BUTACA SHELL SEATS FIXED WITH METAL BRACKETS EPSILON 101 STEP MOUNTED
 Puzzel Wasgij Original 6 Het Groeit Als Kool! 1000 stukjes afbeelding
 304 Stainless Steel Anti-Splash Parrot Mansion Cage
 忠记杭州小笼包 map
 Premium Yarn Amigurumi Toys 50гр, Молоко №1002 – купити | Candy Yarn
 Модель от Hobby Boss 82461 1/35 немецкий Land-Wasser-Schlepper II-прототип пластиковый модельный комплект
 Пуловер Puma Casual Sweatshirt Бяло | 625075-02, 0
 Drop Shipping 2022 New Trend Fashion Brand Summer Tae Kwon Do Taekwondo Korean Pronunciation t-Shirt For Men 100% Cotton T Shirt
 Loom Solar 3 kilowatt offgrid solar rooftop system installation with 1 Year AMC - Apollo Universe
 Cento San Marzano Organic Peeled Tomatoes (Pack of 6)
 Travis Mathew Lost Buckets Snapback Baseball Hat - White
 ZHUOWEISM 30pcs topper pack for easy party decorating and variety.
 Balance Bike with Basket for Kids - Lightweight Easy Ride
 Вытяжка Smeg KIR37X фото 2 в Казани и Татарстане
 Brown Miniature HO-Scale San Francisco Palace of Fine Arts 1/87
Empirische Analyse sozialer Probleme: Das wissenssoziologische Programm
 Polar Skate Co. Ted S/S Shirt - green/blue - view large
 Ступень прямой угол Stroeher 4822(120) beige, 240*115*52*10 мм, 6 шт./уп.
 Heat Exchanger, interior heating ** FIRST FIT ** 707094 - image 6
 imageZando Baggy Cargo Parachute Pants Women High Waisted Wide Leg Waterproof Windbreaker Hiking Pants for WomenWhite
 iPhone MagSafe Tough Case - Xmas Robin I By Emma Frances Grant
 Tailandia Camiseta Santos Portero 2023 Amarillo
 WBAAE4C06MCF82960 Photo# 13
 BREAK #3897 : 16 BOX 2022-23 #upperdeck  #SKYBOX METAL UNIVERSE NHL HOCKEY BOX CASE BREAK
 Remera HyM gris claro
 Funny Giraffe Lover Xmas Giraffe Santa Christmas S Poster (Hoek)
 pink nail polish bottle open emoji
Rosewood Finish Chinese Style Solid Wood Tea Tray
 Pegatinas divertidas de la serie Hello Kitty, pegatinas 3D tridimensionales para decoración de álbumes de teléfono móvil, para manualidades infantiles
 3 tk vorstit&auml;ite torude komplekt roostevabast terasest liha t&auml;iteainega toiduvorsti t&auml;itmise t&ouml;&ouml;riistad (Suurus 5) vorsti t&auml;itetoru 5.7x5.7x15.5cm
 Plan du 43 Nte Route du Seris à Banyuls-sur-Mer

================================

• What you are asked to do: Tally the lines above that include "METAL"; give only the tally.

• Expected answer: 2